2)assume $s$ is also a lower bound, but $s>t$
3)show $s$ is in the set therefore obtaining a contradiction.
However in this question: show that $\inf \{2 + \frac 2 n \mid n \in \Bbb N\} = 2$ using the definition of the infimum, I am confused by this part of the proof and do not understand it:
continuing from 2) let $s>2$ be a lower bound.

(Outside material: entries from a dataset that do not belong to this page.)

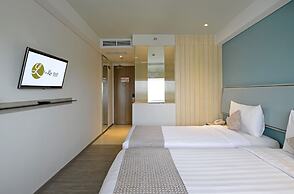 La Lisa Hotel Surabaya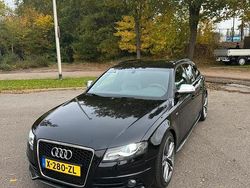 Gebruikt 2008 Audi A4 S-Line | € 6.500 (Goede deal)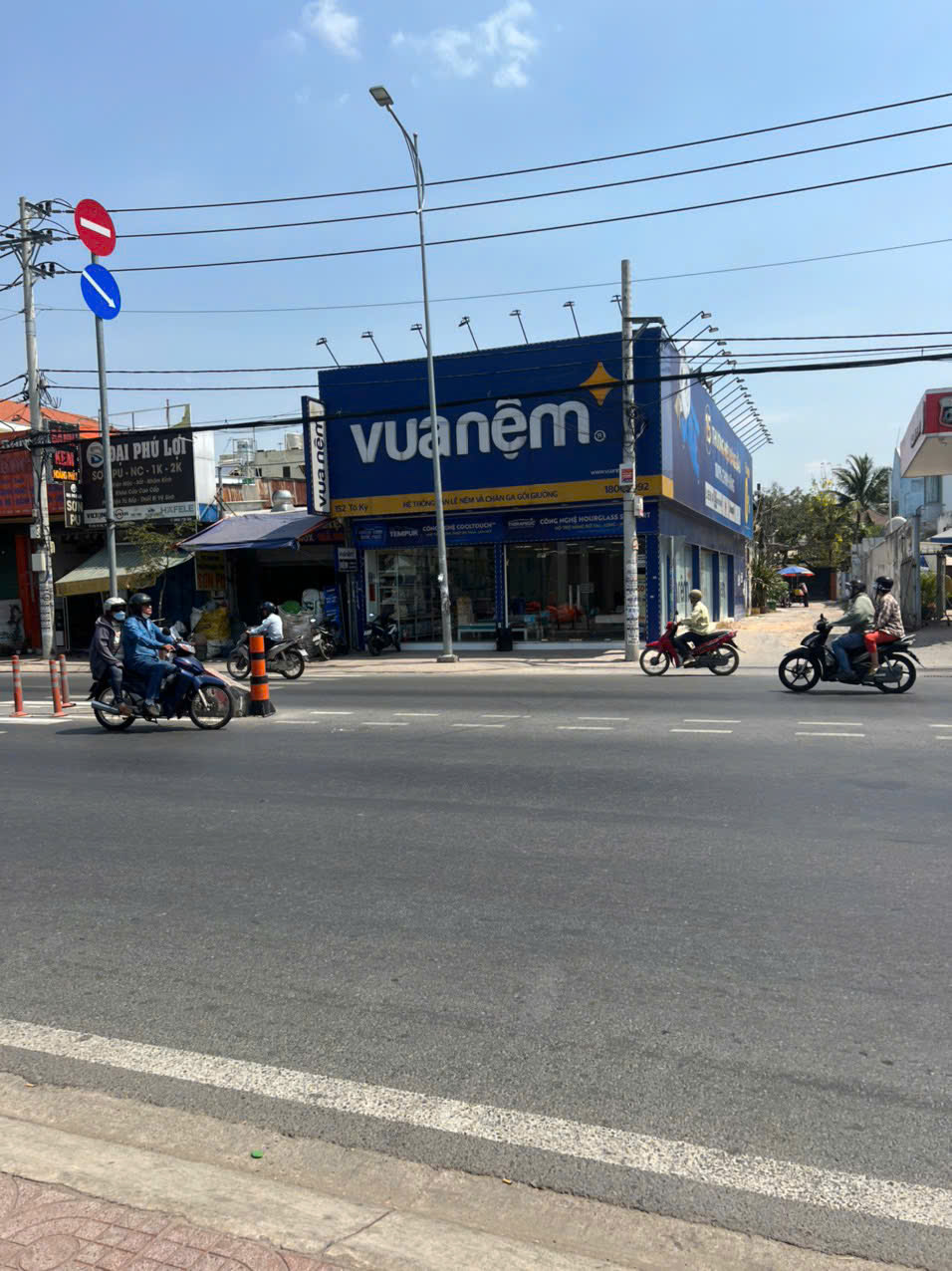 SIÊU PHẨM 2MT TÔ KÝ – NGANG 8M HIẾM – DÒNG TIỀN 45TR/THÁNG – CHỈ 26 TỶ 3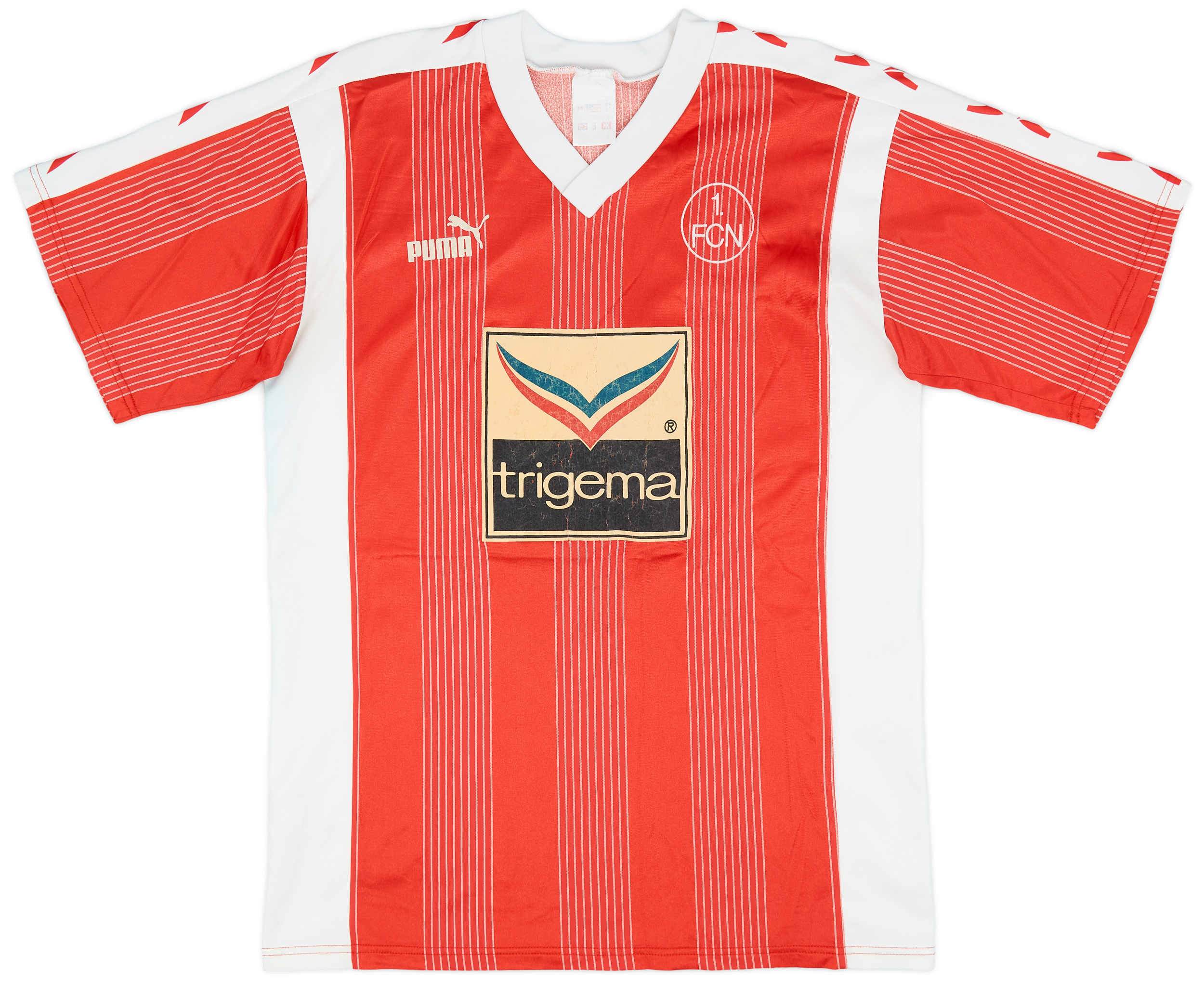 1993-94 Nurnberg Home Shirt - 7/10 - ()
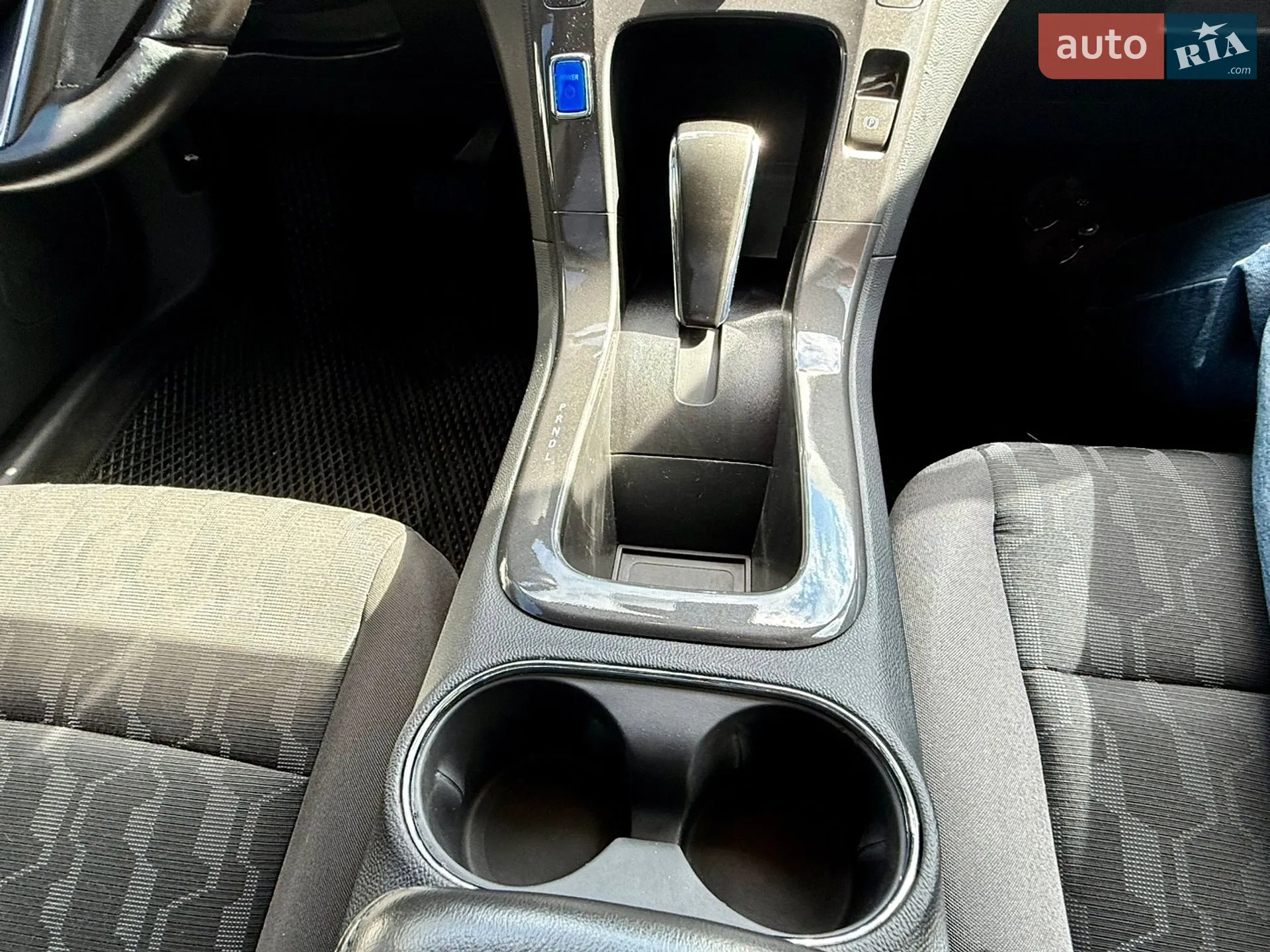 2014 Chevrolet Volt - мініатюра 59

Then for some $\varepsilon > 0$ we have $t = 2 + \varepsilon$ and for all $n \in \Bbb N$ we have $t = 2 + \varepsilon < 2 + \frac 3 n$.
But if $\varepsilon = 5$ then does the inequality $t = 2 + \varepsilon < 2 + \frac 3 n$ still hold (as $n=1$ leads to $7<5$)?
Many thanks.
I'm assuming you're laying out the steps to show that $t$ is the infimum of a set. You say:
Step 3 needs some alteration. It is not a contradiction to have $s$ in the set. It is a contradiction to have something in the set that is less than $s$, because this implies $s$ cannot be an upper bound.
Now concerning your proof, You haven't said what $t$ is, but you say $t=2+\epsilon$. Did you mean $s=2+\epsilon$? Also, the next step (for all $n \in \mathbb{N}$, $2+\epsilon<2+\frac{3}{n}$) is not true, as you pointed out.
Starting from the same point, if we assume $s>2$ is an lower bound for the set, then $s=2+\epsilon$ for some $\epsilon>0$. Based on my comments about step 3, we should look for an element of the set that is less than $s=2+\epsilon$. Every element in the set is of the form $2+\frac{2}{n}$ for some $n \in \mathbb{N}$, so we want to find $n$ such that $2+\frac{2}{n}<2+\epsilon$. This is accomplished if $\frac{2}{n}<\epsilon$. Can you find $n$ so that this inequality holds?